◆ **Task prompt**: Skip the pictures. Give all the data again exactly.

◆ **Supplied records**:
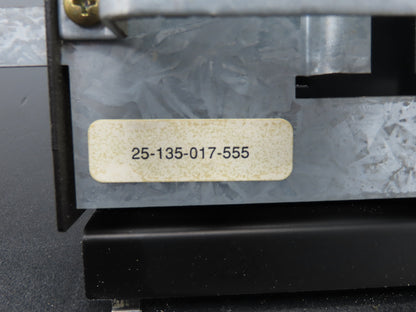 Siemens 30-89258 Combination Bucket Breaker MCC Starter Fused 600VAC 30HP 3Ph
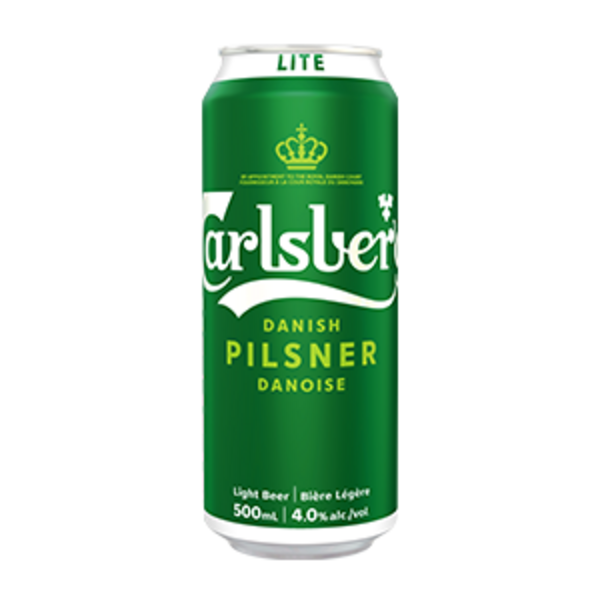 Carlsberg Light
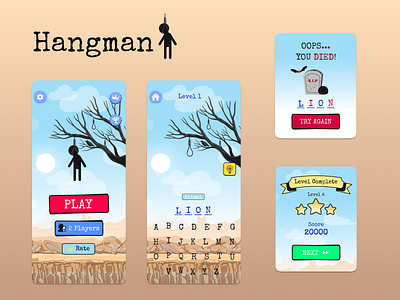 Hangman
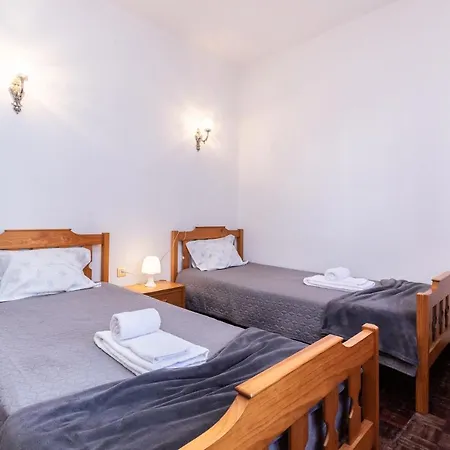 Flat On Center Apartment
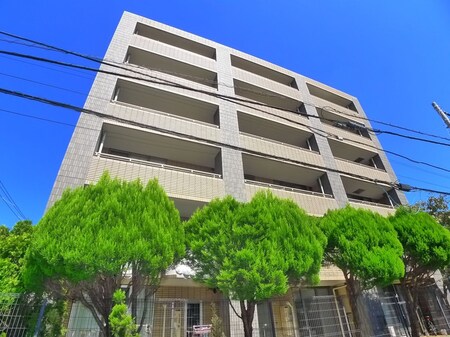 グランリオ・フォ－シ－ズン外観写真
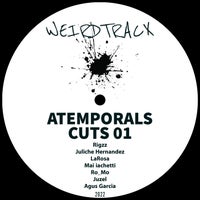 VA – Atemporals Cuts 01 [WXTDL016]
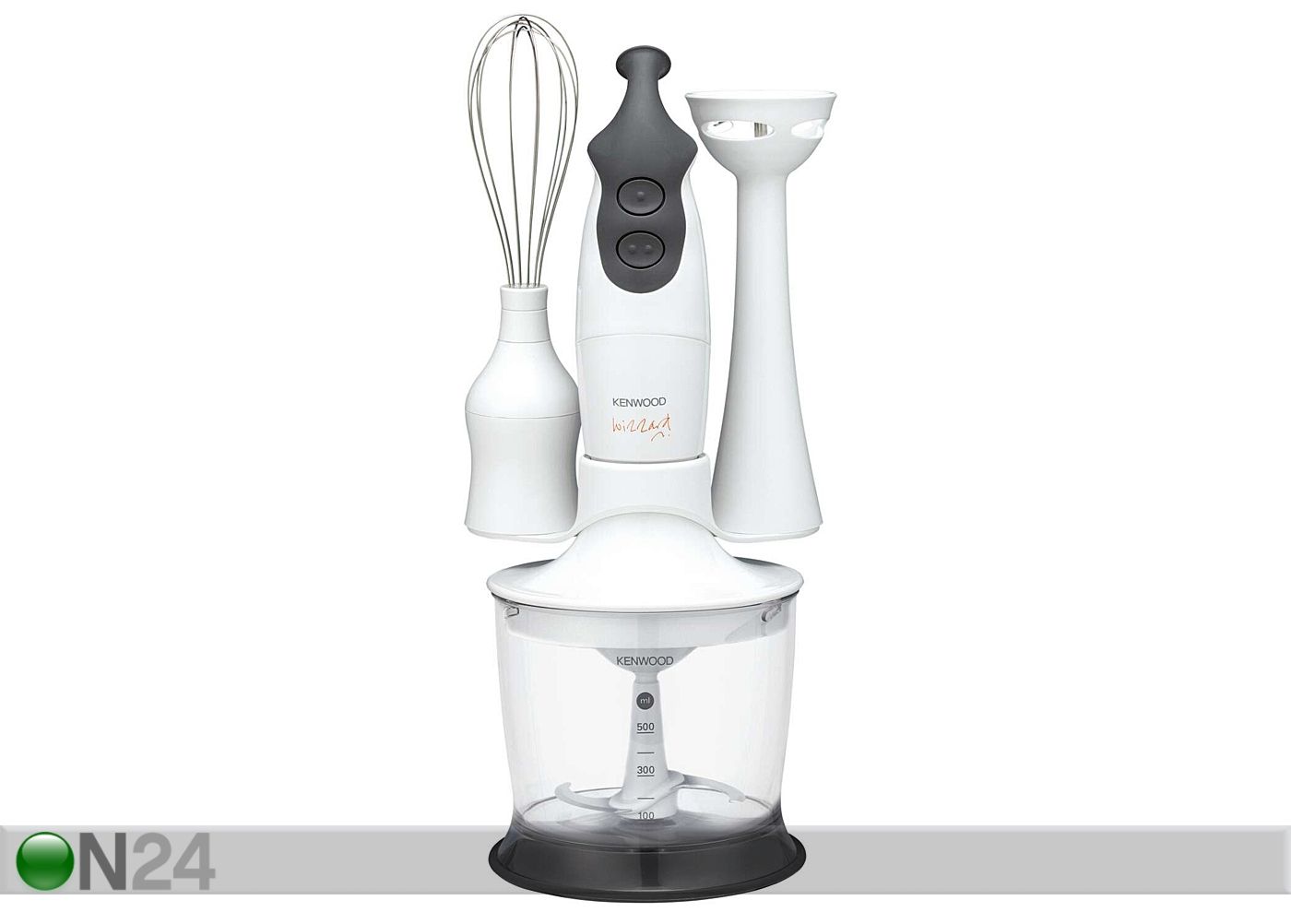 Sauvasekoitin KENWOOD kuvasuurennos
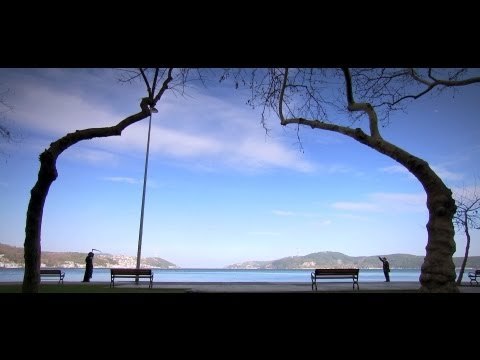 Leyla ile Mecnun - Ölüm ile İsmail Abi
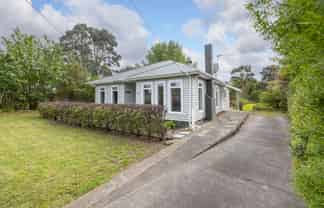 107 Fitzherbert Street, Featherston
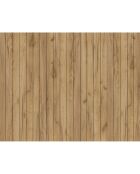 Crédence adhésive Bois multicolore - 70x90 cm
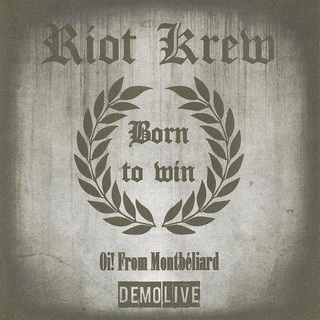 Riot Krew : Demo Live Riot Krew : Demo Live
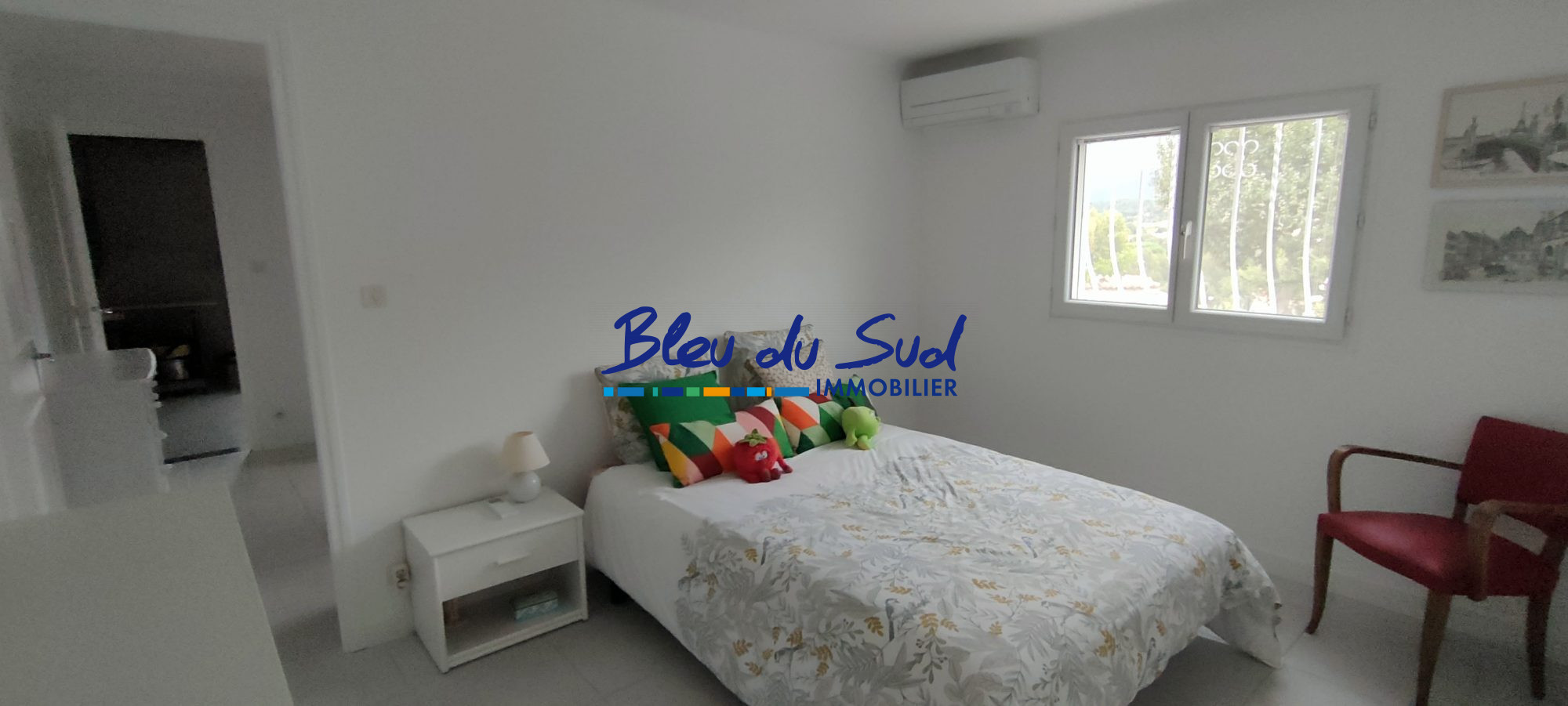 Photo 17 — BLEU DU SUD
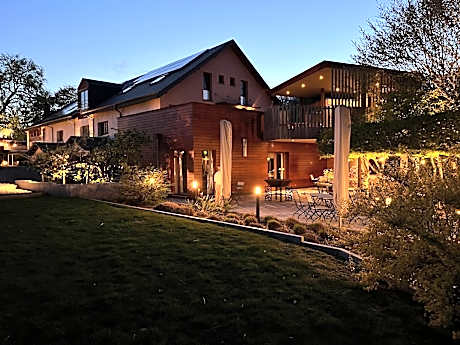 Hostellerie du Peiffeschof - The Originals Relais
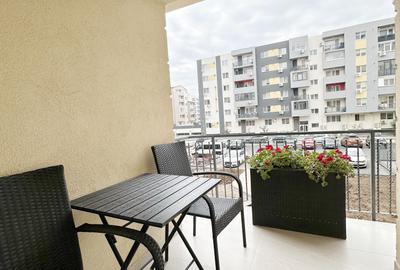 || METROU BERCENI - PASARELA || 3 camere 62 mp - 7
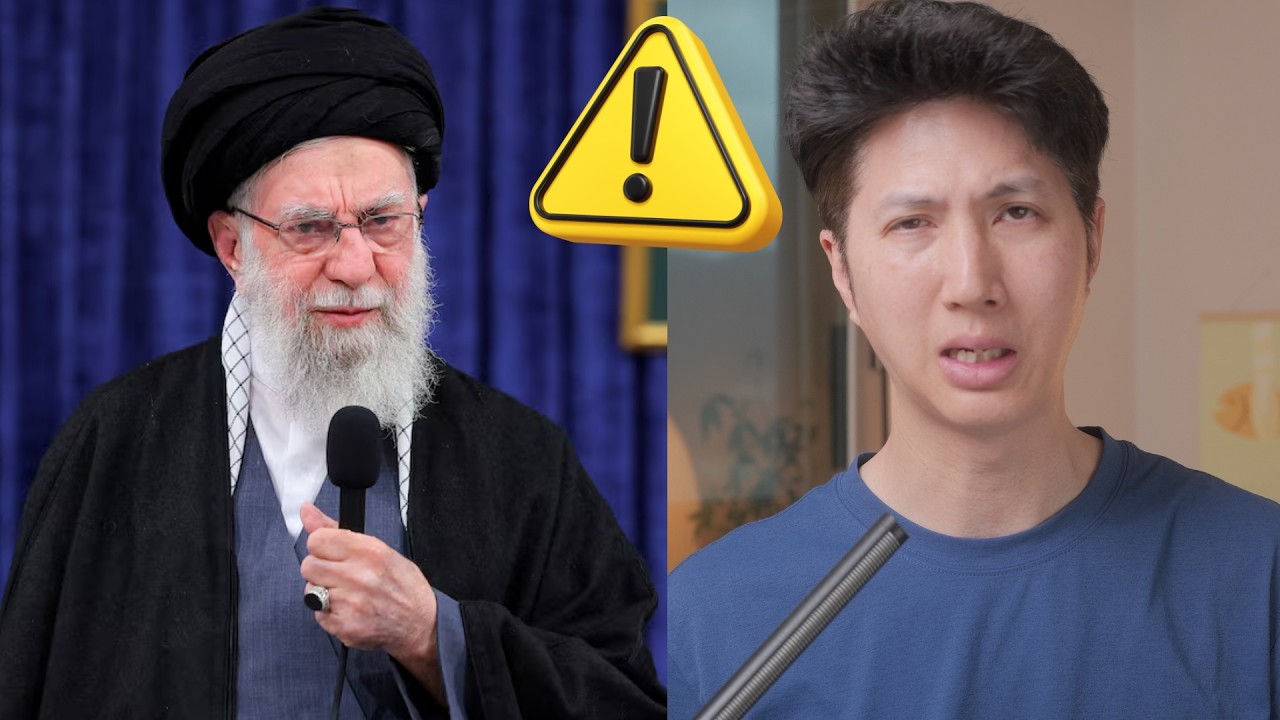 Trump says he's dead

◆ **Solved exercise**:
 Siemens 30-89258 Combination Bucket Breaker MCC Starter Fused 600VAC 30HP 3Ph
 Carlsberg Light
 Hangman
 Flat On Center Apartment
 グランリオ・フォ－シ－ズン外観写真
 VA – Atemporals Cuts 01 [WXTDL016]
 Sauvasekoitin KENWOOD kuvasuurennos
 Leyla ile Mecnun - Ölüm ile İsmail Abi
 107 Fitzherbert Street, Featherston
 Crédence adhésive Bois multicolore - 70x90 cm
 Riot Krew : Demo Live Riot Krew : Demo Live
 Photo 17 — BLEU DU SUD
 Hostellerie du Peiffeschof - The Originals Relais
 || METROU BERCENI - PASARELA || 3 camere 62 mp - 7
 Trump says he's dead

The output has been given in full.